The Mechanics of Longitudinal Data Analysis
Oliver Lipps, FORS – Swiss Centre of Expertise in the Social Sciences, Switzerland
I will first give a very brief refresher of linear regression and will then introduce panel data and the structure necessary to conduct longitudinal analysis before we study the concept of causality based on the counterfactual approach. Then I will explain the idea of fixed effect (FE) models using a small N example. We will start modeling a (pooled) OLS model, then control for a confounding time-constant variable in order to reduce omitted variable bias and finally a FE model in order to eliminate bias from any omitted time-constant variable. I will explain in each step how we come closer to an unbiased regression coefficient.
After introducing the random effect (RE) estimator in the next step, I will then give some (typical) examples of pooled OLS, FE, and RE estimators using data from a large N panel survey.
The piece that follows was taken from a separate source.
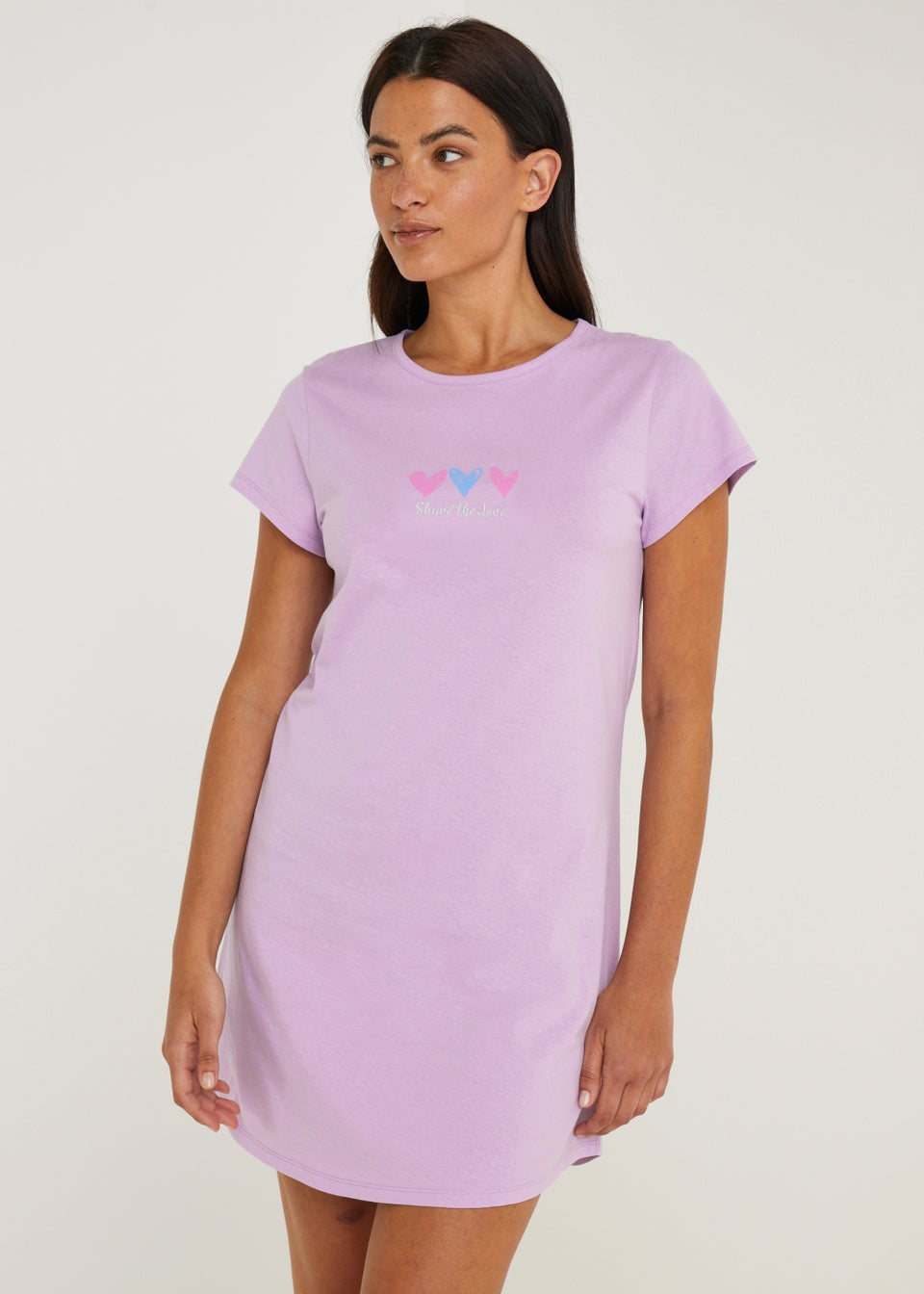 Cotton nightdresses matalan sales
We will finally discuss the Hausman test as a formal tool to decide whether RE models or FE models must be used.
The core of the course is to understand how the FE model works “mechanically”, i.e. how can within-individual transformations be visualized using a small-N example. For the small-N application examples I will provide the corresponding Stata syntax. In addition, participants will learn more about the pros and cons of different longitudinal linear models, including the FE model, the RE model, and the pooled OLS model. Some familiarity with panel data and regression models is assumed.
I am head of the methodological research programme at FORS and member of the Swiss Household Panel team. In addition, I am lecturer in survey methodology and survey research at the Institute of Sociology at the University of Bern (Switzerland). My research interests focus on unit and item nonresponse in cross-sectional and especially longitudinal designs, effects due to interviewers, incentives, mode, and language proficiency/acculturation issues, and income imputation methods.